Fri May 11, 2012 1:07pm EDT
* Dimon had been leading critic of new rules
* Trading losses make it harder for Dimon to play this role
* Wall Street critics say losses show need for reform
By Dave Clarke
WASHINGTON, May 11 (Reuters) - Wall Street may have lost its most potent spokesman against Washington reforms.
JPMorgan Chase & Co Chief Executive Jamie Dimon has parlayed his bank's reputation as a white knight during the financial crisis into a position as the de facto representative fighting against excessive post-crisis regulation.
But the revelation of a shocking trading loss of at least $2 billion from a failed hedging strategy diminishes Dimon's credibility, and is already unleashing calls to get even tougher on big banks.
"The argument that financial institutions do not need the new rules to help them avoid the irresponsible actions that led to the crisis of 2008 is at least $2 billion harder to make today," said Democratic U.S. Representative Barney Frank, who co-authored the 2010 Dodd-Frank financial reform law.
Details are still emerging about the trading loss, the amount of which could still grow, and analysts said it is not yet clear if the trades would have violated the forthcoming Volcker rule reform.
Dimon has been critical of the Volcker rule, a provision in Dodd-Frank that will ban banks from proprietary trading, or trades that are made solely for their own profit.
Regulators are still working to finalize the rule, and to define an exemption for hedging.
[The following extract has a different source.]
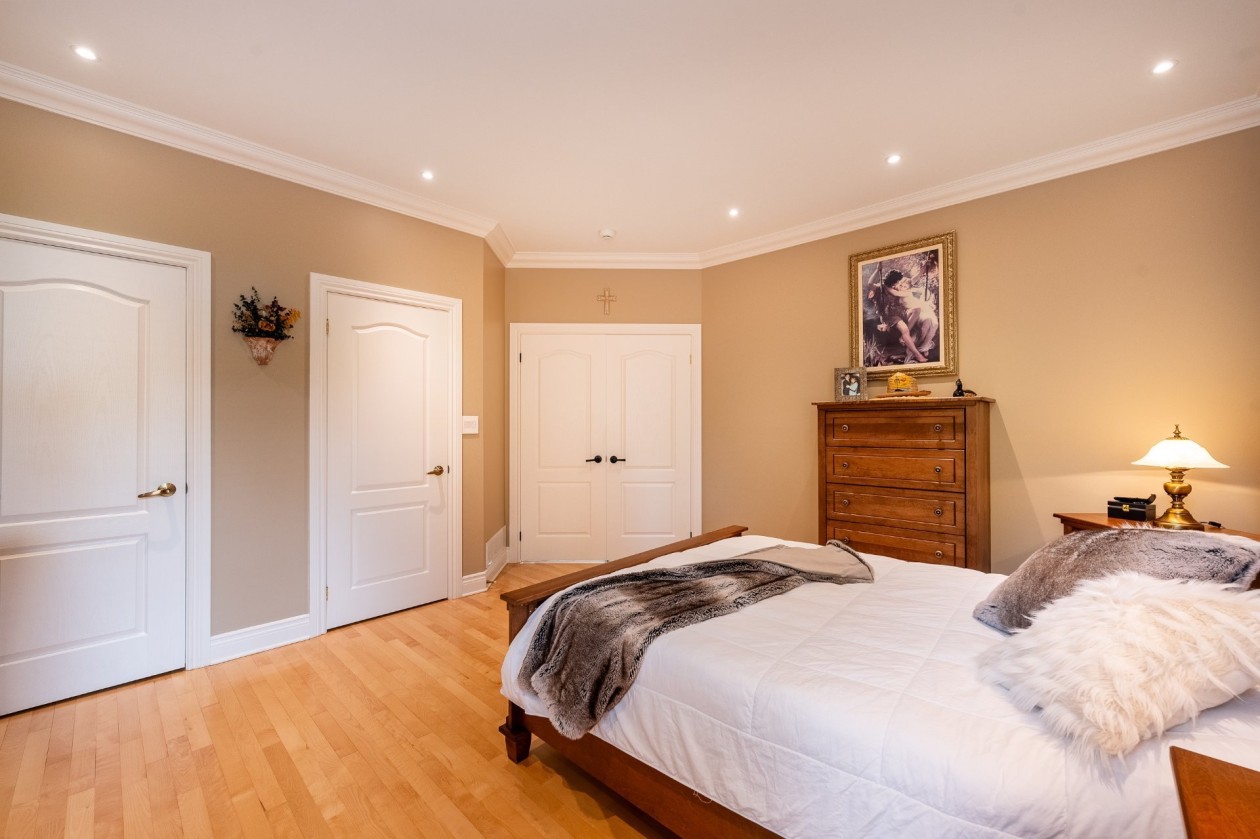 Chambre à coucher principale — 231 Ch. du Richelieu, Saint-Basile-le-Grand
They have struggled with how to keep it broad enough to allow for bona fide hedging yet narrow enough to ensure that banks cannot pass off speculative bets as hedges.
Securities and Exchange Commission Chairman Mary Schapiro, whose agency is among the regulators finalizing the Volcker rule, said on Friday that regulators are monitoring the JPMorgan situation.
"I think it's safe to say that all the regulators are focused on this," Schapiro told reporters after speaking at an Investment Company Institute conference in Washington.
The trading loss emboldened others to call for even more dramatic reforms than those currently being carried out as part of Dodd-Frank.
The 2010 law stopped short of dismantling the biggest banks or bringing back the Glass-Steagall law that separated federally insured banks from investment banks and insurers.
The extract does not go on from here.